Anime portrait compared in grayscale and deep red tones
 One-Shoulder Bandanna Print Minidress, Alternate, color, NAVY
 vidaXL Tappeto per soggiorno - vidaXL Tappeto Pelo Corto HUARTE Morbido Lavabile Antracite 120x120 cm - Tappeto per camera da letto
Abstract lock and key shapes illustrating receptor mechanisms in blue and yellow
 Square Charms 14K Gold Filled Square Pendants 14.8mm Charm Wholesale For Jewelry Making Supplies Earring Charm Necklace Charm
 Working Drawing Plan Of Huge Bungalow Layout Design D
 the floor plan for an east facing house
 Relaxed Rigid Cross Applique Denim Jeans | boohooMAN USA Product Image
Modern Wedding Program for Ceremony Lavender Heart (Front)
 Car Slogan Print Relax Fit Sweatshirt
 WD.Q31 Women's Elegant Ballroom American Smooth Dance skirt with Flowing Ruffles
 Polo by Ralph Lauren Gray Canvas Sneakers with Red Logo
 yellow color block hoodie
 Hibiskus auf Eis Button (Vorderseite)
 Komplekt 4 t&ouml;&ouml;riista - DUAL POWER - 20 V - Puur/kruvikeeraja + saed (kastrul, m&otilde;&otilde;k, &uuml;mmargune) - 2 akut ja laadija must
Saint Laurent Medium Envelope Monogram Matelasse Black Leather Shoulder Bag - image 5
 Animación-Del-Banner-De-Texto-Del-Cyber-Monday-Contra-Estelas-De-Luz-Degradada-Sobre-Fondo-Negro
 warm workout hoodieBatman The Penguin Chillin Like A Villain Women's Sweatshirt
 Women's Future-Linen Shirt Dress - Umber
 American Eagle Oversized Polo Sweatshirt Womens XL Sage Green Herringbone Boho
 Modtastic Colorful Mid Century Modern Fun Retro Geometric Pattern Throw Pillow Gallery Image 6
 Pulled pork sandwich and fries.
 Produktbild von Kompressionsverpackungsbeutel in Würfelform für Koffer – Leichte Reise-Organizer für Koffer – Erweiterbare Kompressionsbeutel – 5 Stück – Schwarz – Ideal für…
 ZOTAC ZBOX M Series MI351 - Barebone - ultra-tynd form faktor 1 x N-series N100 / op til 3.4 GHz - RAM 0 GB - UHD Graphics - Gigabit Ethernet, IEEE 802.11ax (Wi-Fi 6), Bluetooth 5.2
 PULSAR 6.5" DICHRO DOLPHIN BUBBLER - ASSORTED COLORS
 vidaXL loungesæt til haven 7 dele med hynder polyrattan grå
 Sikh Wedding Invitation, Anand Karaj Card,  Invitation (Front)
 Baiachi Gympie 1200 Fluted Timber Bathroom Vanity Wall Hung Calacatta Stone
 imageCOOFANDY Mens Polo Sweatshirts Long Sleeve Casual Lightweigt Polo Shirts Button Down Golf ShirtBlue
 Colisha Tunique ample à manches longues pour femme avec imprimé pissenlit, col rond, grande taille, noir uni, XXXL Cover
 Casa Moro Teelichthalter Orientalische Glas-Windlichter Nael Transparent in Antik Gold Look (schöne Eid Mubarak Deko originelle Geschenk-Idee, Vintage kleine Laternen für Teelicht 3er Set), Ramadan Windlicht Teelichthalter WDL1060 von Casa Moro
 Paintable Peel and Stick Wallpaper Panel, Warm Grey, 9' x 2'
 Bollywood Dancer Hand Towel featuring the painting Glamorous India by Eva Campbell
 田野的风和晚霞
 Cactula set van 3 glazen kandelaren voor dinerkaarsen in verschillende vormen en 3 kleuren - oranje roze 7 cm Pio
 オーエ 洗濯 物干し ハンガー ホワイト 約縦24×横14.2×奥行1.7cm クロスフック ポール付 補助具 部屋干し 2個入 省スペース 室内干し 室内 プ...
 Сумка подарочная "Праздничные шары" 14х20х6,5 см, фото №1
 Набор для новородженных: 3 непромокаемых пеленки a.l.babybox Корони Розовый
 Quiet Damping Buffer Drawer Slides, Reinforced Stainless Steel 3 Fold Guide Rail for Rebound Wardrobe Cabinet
____
Working from the material above, restate word for word the lines between the line with "One-Shoulder Bandanna Print" and the line with "Produktbild von Kompressionsverpackungsbeutel", both included, and only those.

▶ Response to the task:
 One-Shoulder Bandanna Print Minidress, Alternate, color, NAVY
 vidaXL Tappeto per soggiorno - vidaXL Tappeto Pelo Corto HUARTE Morbido Lavabile Antracite 120x120 cm - Tappeto per camera da letto
Abstract lock and key shapes illustrating receptor mechanisms in blue and yellow
 Square Charms 14K Gold Filled Square Pendants 14.8mm Charm Wholesale For Jewelry Making Supplies Earring Charm Necklace Charm
 Working Drawing Plan Of Huge Bungalow Layout Design D
 the floor plan for an east facing house
 Relaxed Rigid Cross Applique Denim Jeans | boohooMAN USA Product Image
Modern Wedding Program for Ceremony Lavender Heart (Front)
 Car Slogan Print Relax Fit Sweatshirt
 WD.Q31 Women's Elegant Ballroom American Smooth Dance skirt with Flowing Ruffles
 Polo by Ralph Lauren Gray Canvas Sneakers with Red Logo
 yellow color block hoodie
 Hibiskus auf Eis Button (Vorderseite)
 Komplekt 4 t&ouml;&ouml;riista - DUAL POWER - 20 V - Puur/kruvikeeraja + saed (kastrul, m&otilde;&otilde;k, &uuml;mmargune) - 2 akut ja laadija must
Saint Laurent Medium Envelope Monogram Matelasse Black Leather Shoulder Bag - image 5
 Animación-Del-Banner-De-Texto-Del-Cyber-Monday-Contra-Estelas-De-Luz-Degradada-Sobre-Fondo-Negro
 warm workout hoodieBatman The Penguin Chillin Like A Villain Women's Sweatshirt
 Women's Future-Linen Shirt Dress - Umber
 American Eagle Oversized Polo Sweatshirt Womens XL Sage Green Herringbone Boho
 Modtastic Colorful Mid Century Modern Fun Retro Geometric Pattern Throw Pillow Gallery Image 6
 Pulled pork sandwich and fries.
 Produktbild von Kompressionsverpackungsbeutel in Würfelform für Koffer – Leichte Reise-Organizer für Koffer – Erweiterbare Kompressionsbeutel – 5 Stück – Schwarz – Ideal für…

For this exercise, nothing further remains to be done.